Requirement:
Reproduce each entry below exactly, without omitting any.

-- Exercise inputs follows --

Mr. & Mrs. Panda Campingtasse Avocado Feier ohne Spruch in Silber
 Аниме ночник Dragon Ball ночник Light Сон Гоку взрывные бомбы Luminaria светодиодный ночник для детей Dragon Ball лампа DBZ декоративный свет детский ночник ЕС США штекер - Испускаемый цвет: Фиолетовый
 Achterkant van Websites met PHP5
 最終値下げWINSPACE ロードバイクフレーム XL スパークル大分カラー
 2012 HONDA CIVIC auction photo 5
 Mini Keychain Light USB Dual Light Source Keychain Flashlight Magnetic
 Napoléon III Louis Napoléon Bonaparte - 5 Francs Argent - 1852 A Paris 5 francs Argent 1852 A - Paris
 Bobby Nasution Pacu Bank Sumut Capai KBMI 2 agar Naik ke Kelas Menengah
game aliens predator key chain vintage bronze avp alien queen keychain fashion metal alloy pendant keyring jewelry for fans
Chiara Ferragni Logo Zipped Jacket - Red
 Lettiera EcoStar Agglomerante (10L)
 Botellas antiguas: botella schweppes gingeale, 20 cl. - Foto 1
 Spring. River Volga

-- Exercise inputs concluded --

Output of the task:
Mr. & Mrs. Panda Campingtasse Avocado Feier ohne Spruch in Silber
 Аниме ночник Dragon Ball ночник Light Сон Гоку взрывные бомбы Luminaria светодиодный ночник для детей Dragon Ball лампа DBZ декоративный свет детский ночник ЕС США штекер - Испускаемый цвет: Фиолетовый
 Achterkant van Websites met PHP5
 最終値下げWINSPACE ロードバイクフレーム XL スパークル大分カラー
 2012 HONDA CIVIC auction photo 5
 Mini Keychain Light USB Dual Light Source Keychain Flashlight Magnetic
 Napoléon III Louis Napoléon Bonaparte - 5 Francs Argent - 1852 A Paris 5 francs Argent 1852 A - Paris
 Bobby Nasution Pacu Bank Sumut Capai KBMI 2 agar Naik ke Kelas Menengah
game aliens predator key chain vintage bronze avp alien queen keychain fashion metal alloy pendant keyring jewelry for fans
Chiara Ferragni Logo Zipped Jacket - Red
 Lettiera EcoStar Agglomerante (10L)
 Botellas antiguas: botella schweppes gingeale, 20 cl. - Foto 1
 Spring. River Volga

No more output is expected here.